> [Try it]
In duplicating the lines below, keep every word unchanged and drop the pictures.
Source material: Begin
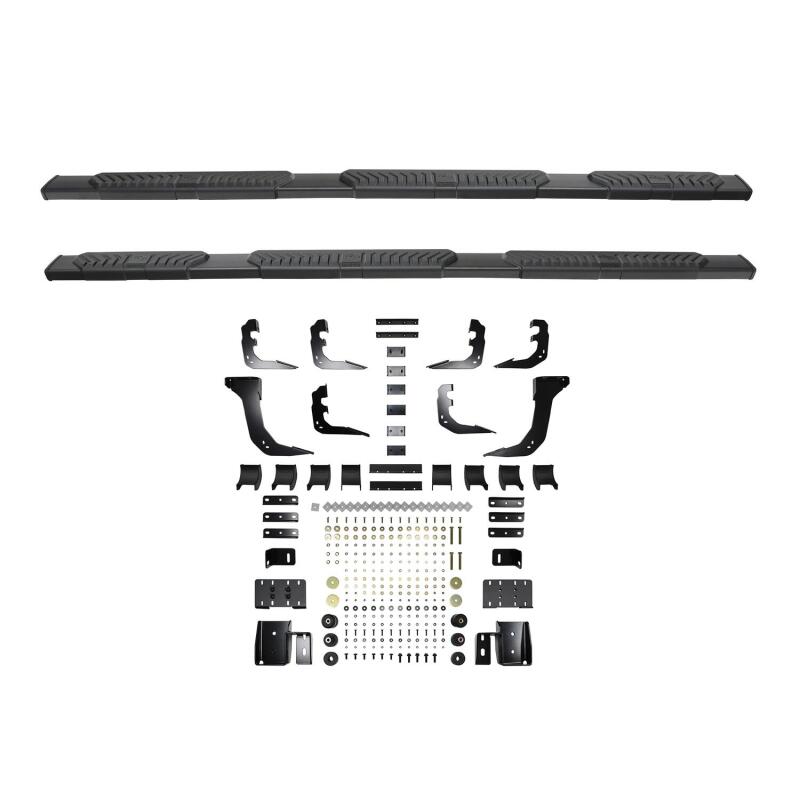 Load image into Gallery viewer, Westin 19-21 Ram 1500 Crew Cab R5 M-Series Wheel-to-Wheel Nerf Step Bars - Black
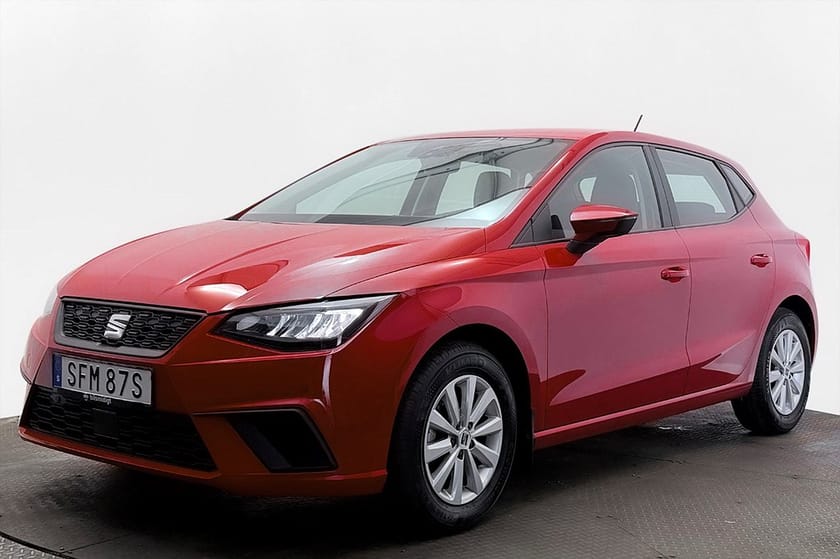 Bild 1 av SEAT Ibiza 1.0 TGI CNG Vision+ Kamera P-Sens Cockpit MOMS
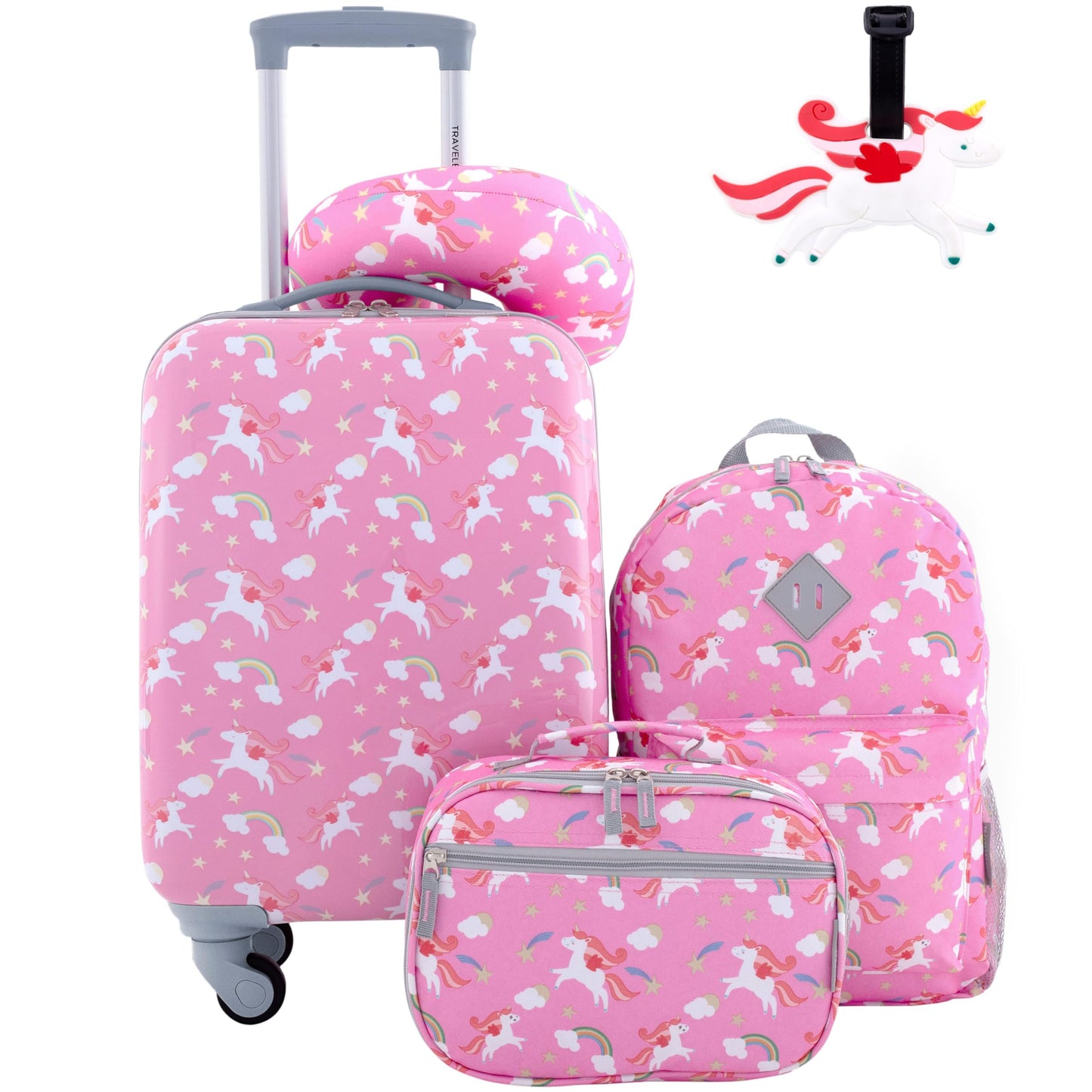Travelers Club 5 Piece Kids' Luggage Set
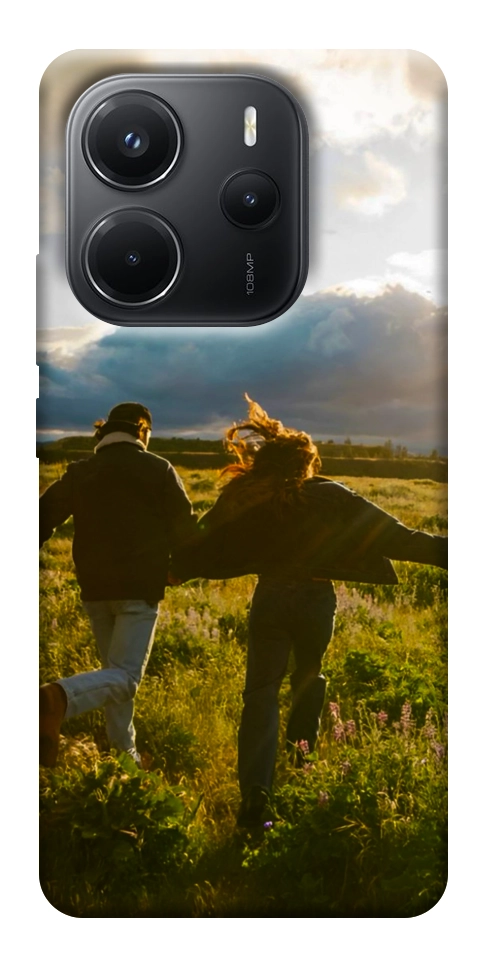 Чехол Happy couple для Xiaomi Redmi Note 14 4G (Europe version)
Source material: End
> [Answer for the task]
 Load image into Gallery viewer, Westin 19-21 Ram 1500 Crew Cab R5 M-Series Wheel-to-Wheel Nerf Step Bars - Black
 Bild 1 av SEAT Ibiza 1.0 TGI CNG Vision+ Kamera P-Sens Cockpit MOMS
Travelers Club 5 Piece Kids' Luggage Set
 Чехол Happy couple для Xiaomi Redmi Note 14 4G (Europe version)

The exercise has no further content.